The Curse is a supervillain in the comic book Spawn. The Curse in the book is a billionaire and a religious zealot who seeks a place in Heaven and knows far more about the war between Heaven and Hell than most on Earth.

==Fictional character biography==
The Curse, born Phillip Krahn, seeks a chance to lead Heaven's armies against the armies of Hell. When he was a boy he removed his left eye and scarred his face with a large, deep scratch from a rusty metal fence running horizontally over his right eye. He removed his right arm when he was older to show his dedication to God. He grew to become wealthy and studied the occult. He used technology to rebuild his arm, far stronger and better than it was before.

He sought to gain Spawn's powers, believing him at first to be a soldier of Heaven, but Spawn destroyed his bionic arm and beat him severely, leaving the Curse crucified on a wall in Rat City to teach him and others that the alleys belong to Spawn.

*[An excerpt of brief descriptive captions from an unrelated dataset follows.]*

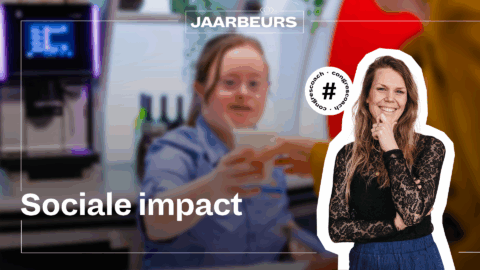 Ga voor sociale impact voor een onvergetelijke ervaring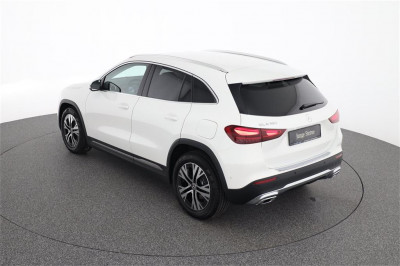 Mercedes-Benz GLA Gebrauchtwagen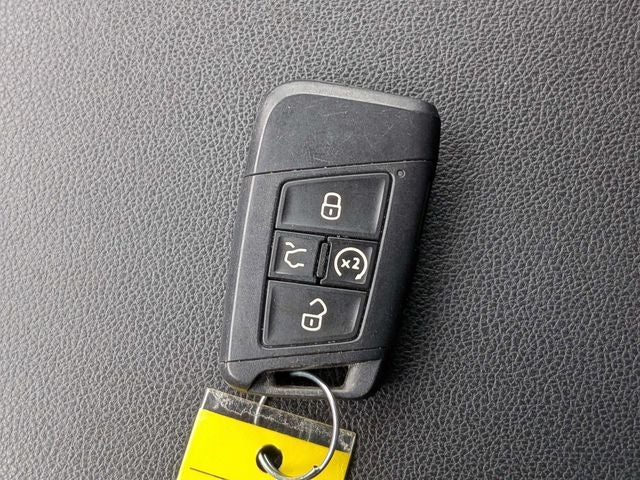2021 Volkswagen Atlas 2.0T SEL Premium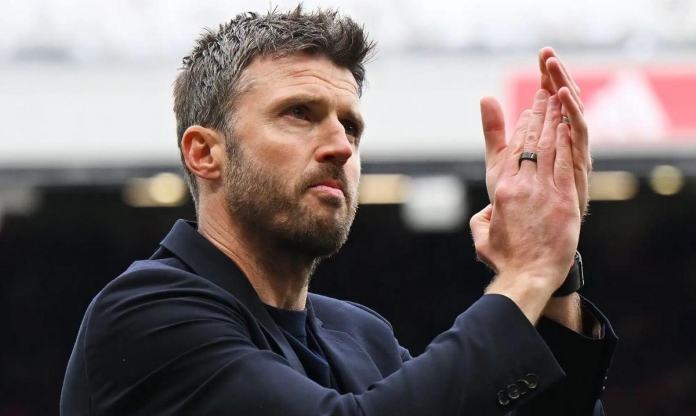 Tái lập bộ đôi ăn ý, MU quyết mang thủ quân đình đám về Old Trafford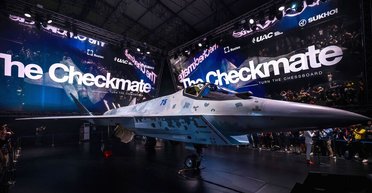 Су-75: как россияне упустили шанс построить стелс-истребитель и выбить с рынка F-35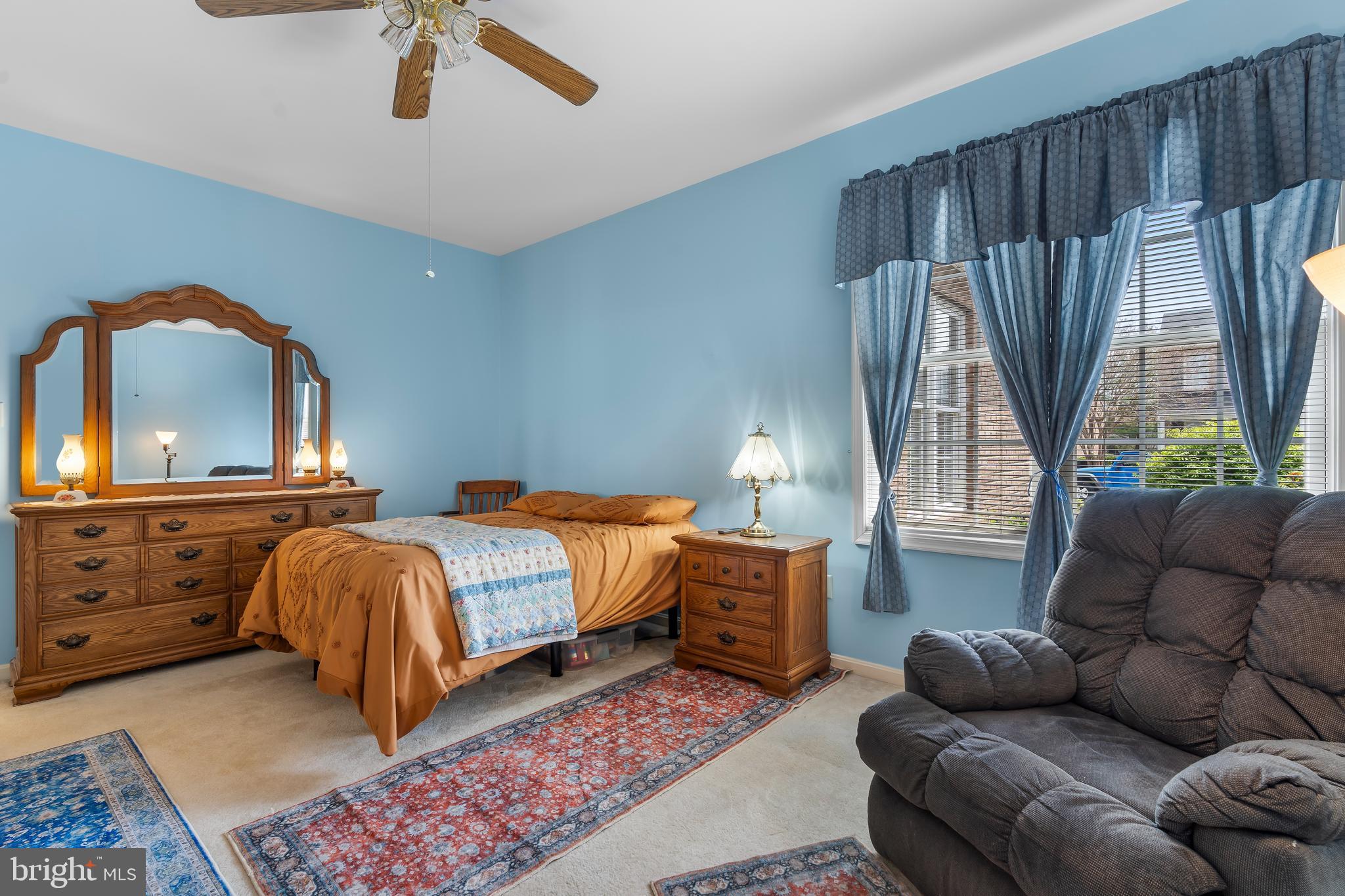 GREENWICH PARK - Residential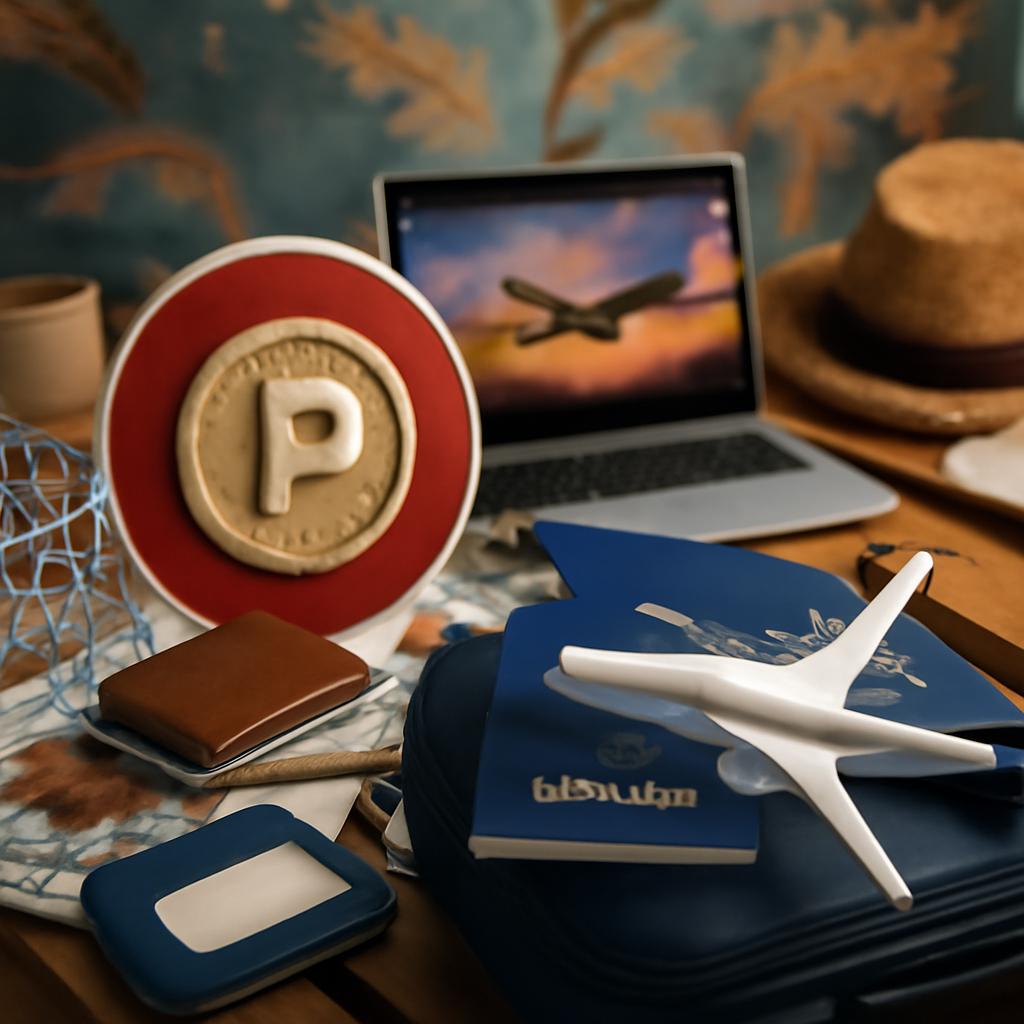promoção points para consultoria em viagens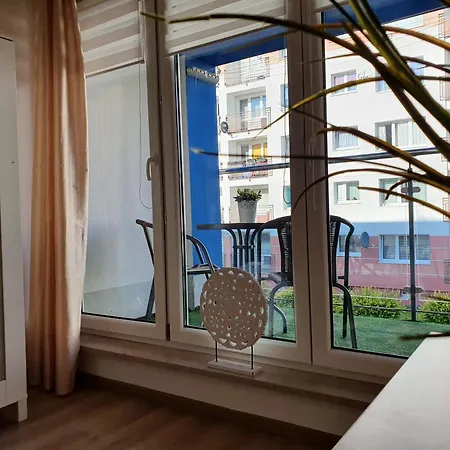 Apartament Port *
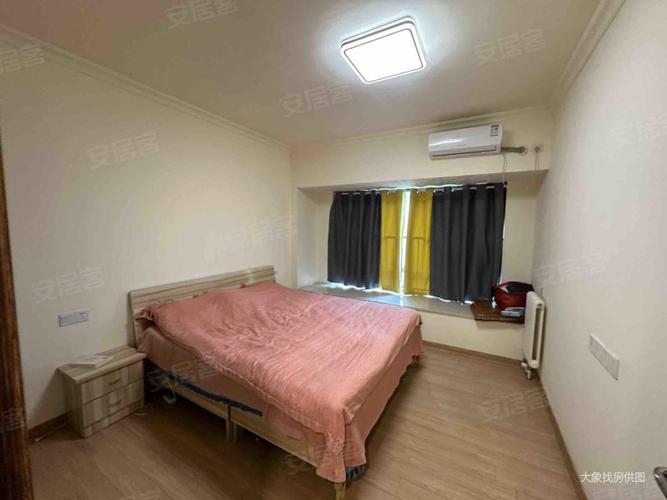 南阳二手房价格三房一厅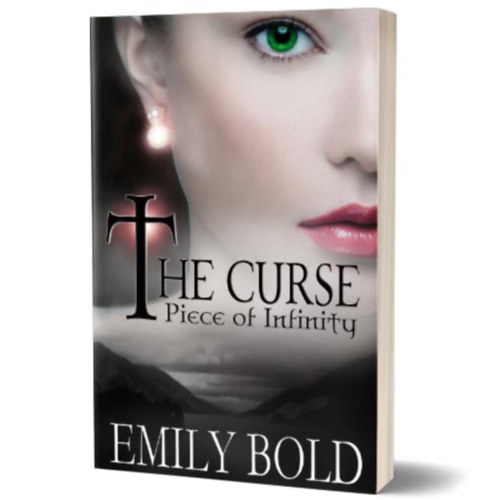 Emily Bold - The Curse - Piece of Infinity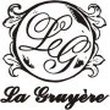 Logo La Gruyére Restaurant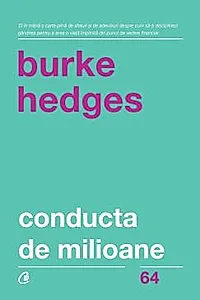 Conducta de milioane. Editia a V-a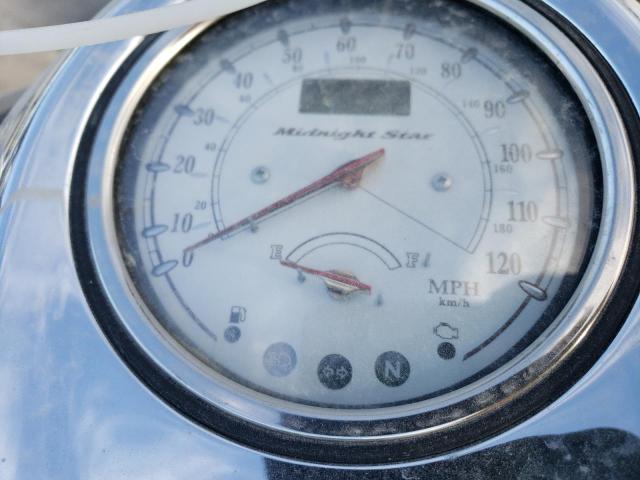 2007 YAMAHA XV1700 A JYAVP17E57A025274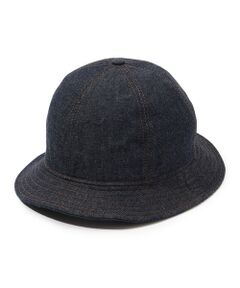 NY HAT DENIM TENNIS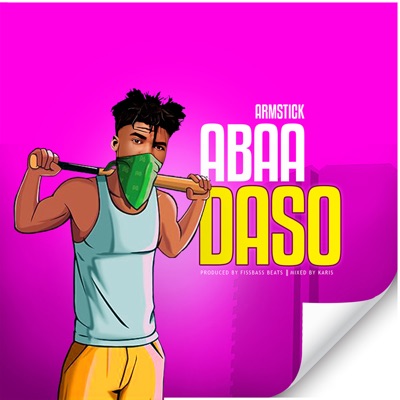 Abaa Daso - Single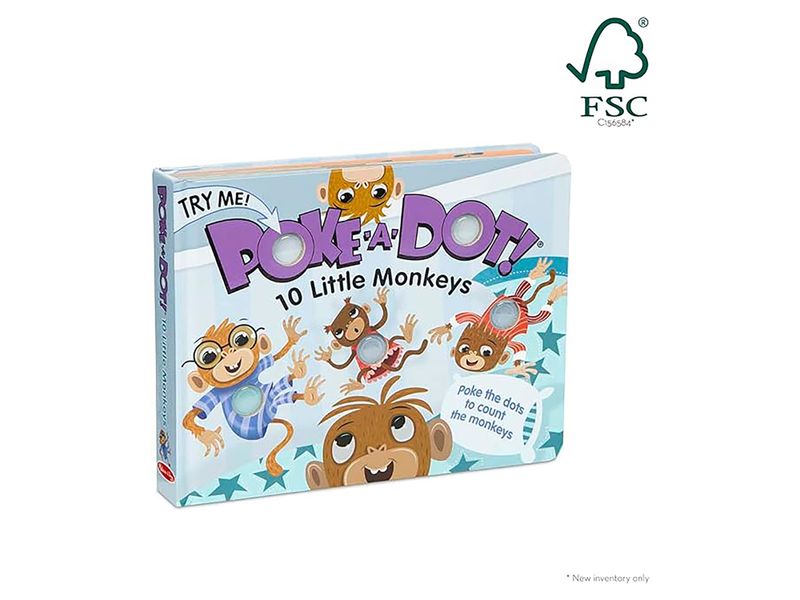 Poke-A-Dot-Libro-10-Pequenos-Monos-M-Y-D-3-72906
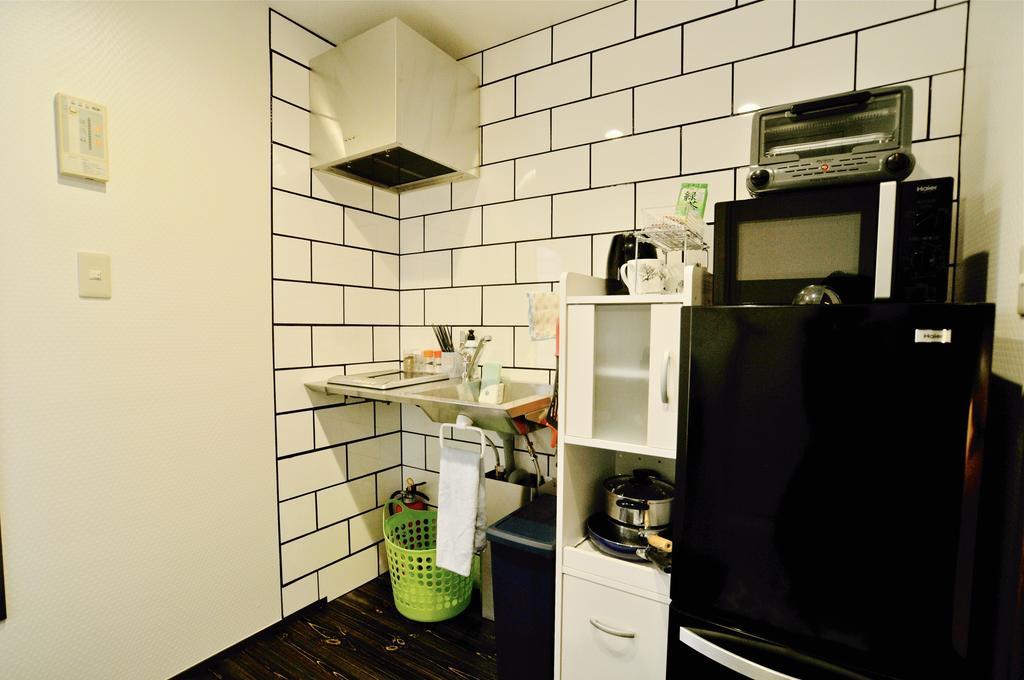 Guest house Sora To Umi No Daichi *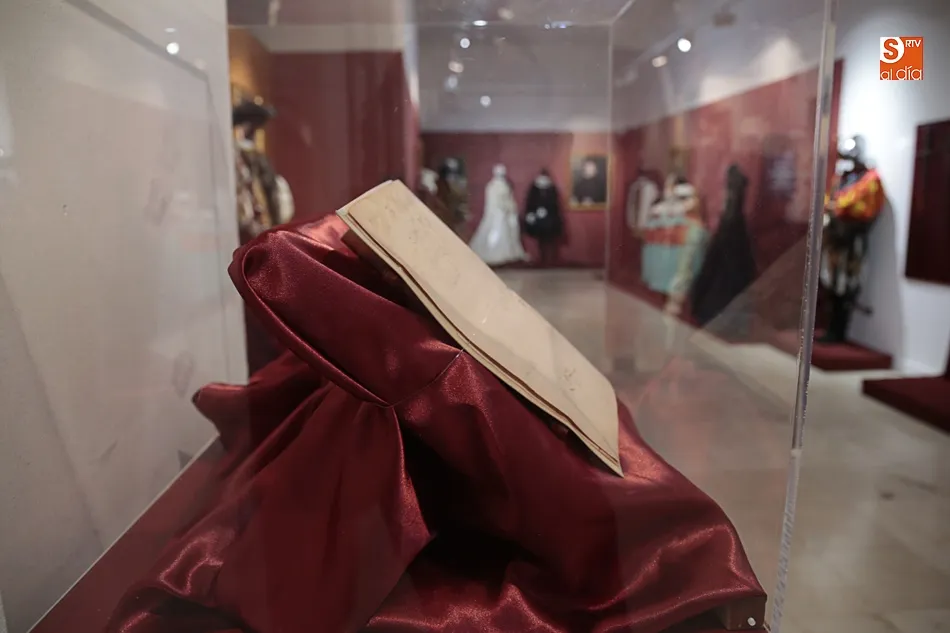 Foto 6 - Un paseo por la moda y la forma de vida del Siglo de Oro, en el Palacio Episcopal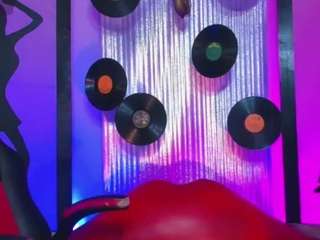 nickyminach Sex Cam Show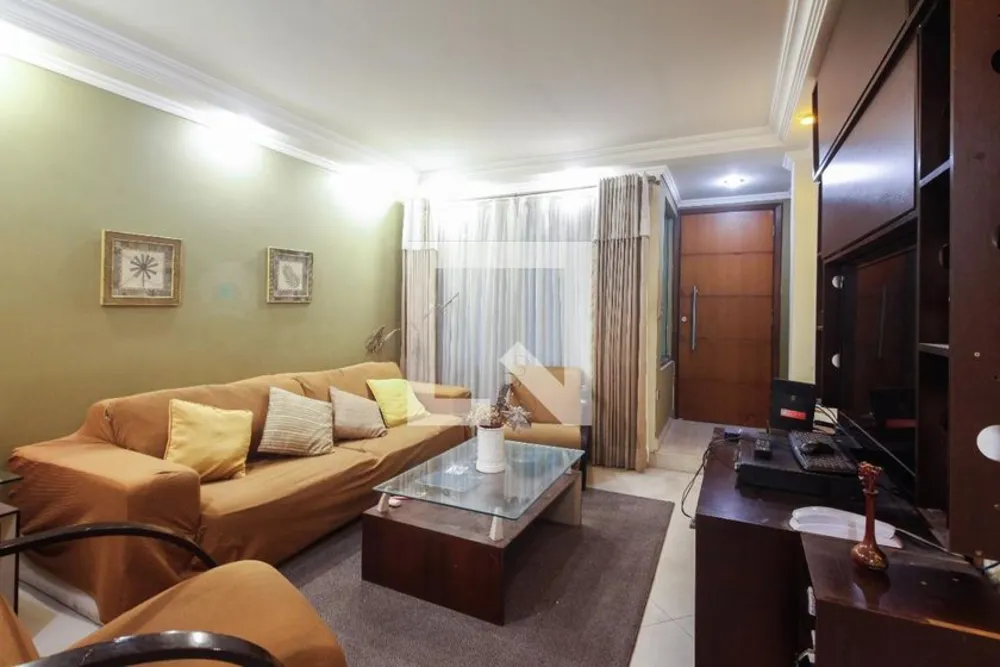 Casa, 2 quartos, 126 m² - Foto 1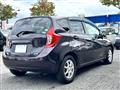 2013 Nissan Note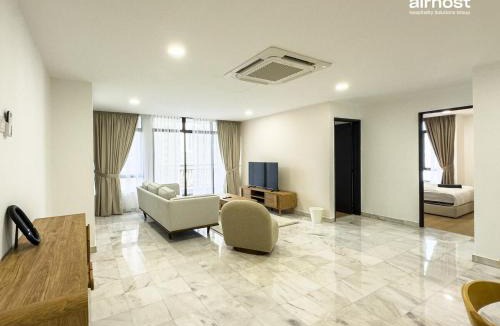 Chow Kit Apartment | Villa Putra Condo PWTC by Airhost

He was found and tortured by the demon-hunter, Sankser.

The Curse escaped from the alleys and returned to his mansion where he began to plot his revenge and recuperate from his many injuries by combining cybernetics with demonic parts. Feeling his place in Heaven forever denied to him because of his failure to destroy Spawn he sought to gain all the knowledge of Hell so that he might overthrow Malebolgia and recreate Hell as his own Kingdom.

He appeared later in the book, Curse of the Spawn, aiding and ultimately betraying Tony Twist before another apparent brush with death. He was hit by Twist's car and shot by numerous weapons as the volatile chemicals around his lab were also hit and the resulting explosion engulfed everyone involved. Given his penchant for survival, and the fact that he has never been shown to be in Hell as other Spawn villains before him (Kincaid, Freak, etc.) it is unlikely that The Curse is actually dead.

Curse would later return during the Jim Downing arc and again as a zombie in Spawn #290 under Simmons's control.

==In other media==
Curse appears in Spawn: In the Demon's Hand, voiced by Tony Daniels.